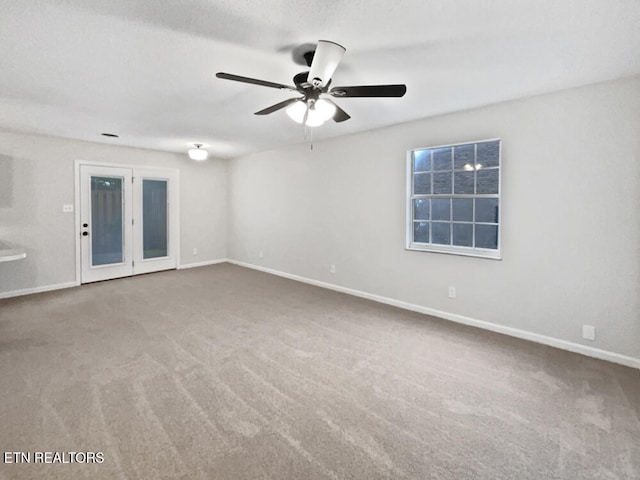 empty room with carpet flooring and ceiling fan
---------------
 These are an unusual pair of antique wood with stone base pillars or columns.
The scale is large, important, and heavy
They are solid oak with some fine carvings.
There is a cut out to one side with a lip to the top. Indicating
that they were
---------------
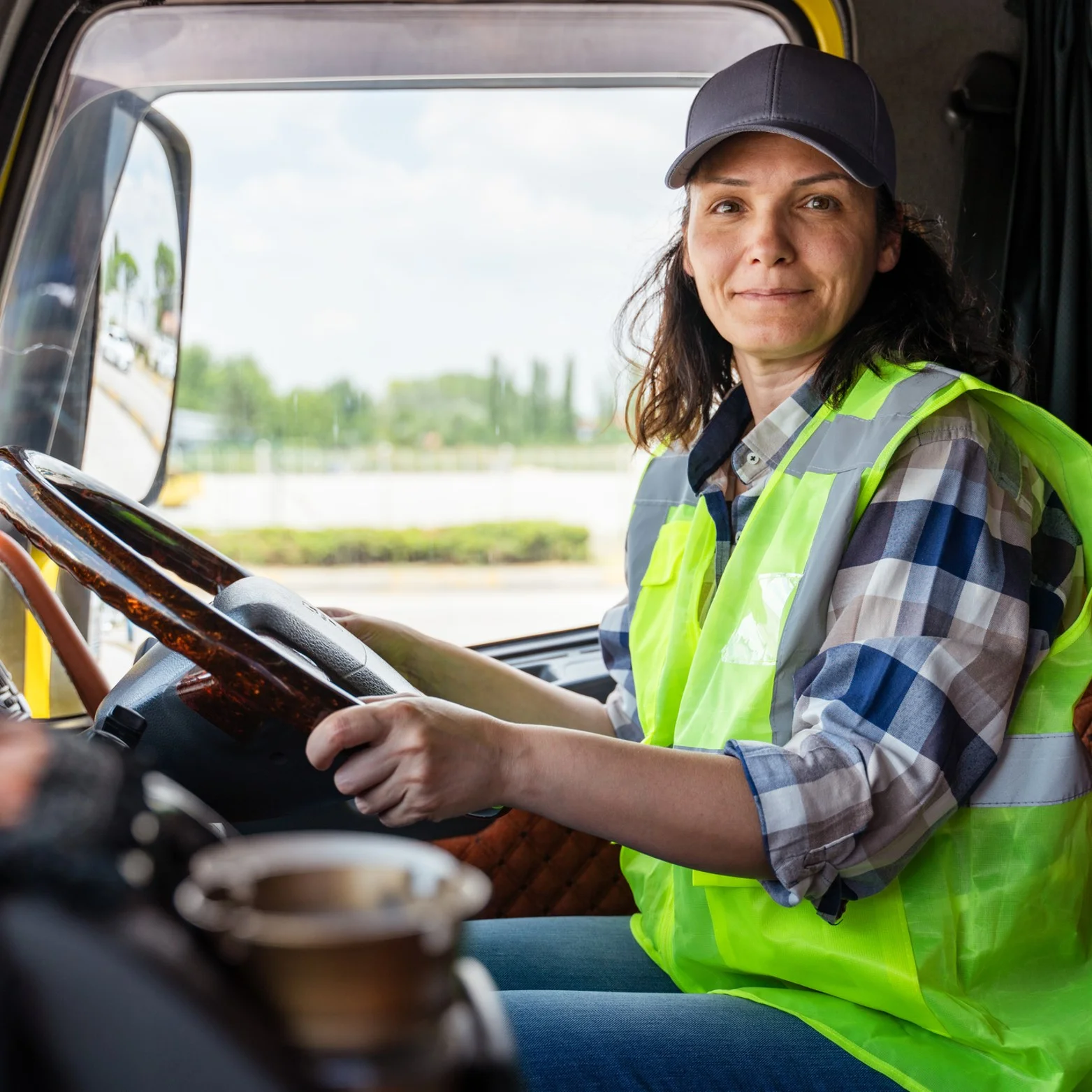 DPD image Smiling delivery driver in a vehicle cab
---------------
* _WHAT TO PRODUCE_
Could you repeat exactly the lines in the listing above from the one with "The scale is large, important, and heavy" down to the one with "that they were"? Include both of those lines.

* _RESULT OF THE TASK_
The scale is large, important, and heavy
They are solid oak with some fine carvings.
There is a cut out to one side with a lip to the top. Indicating
that they were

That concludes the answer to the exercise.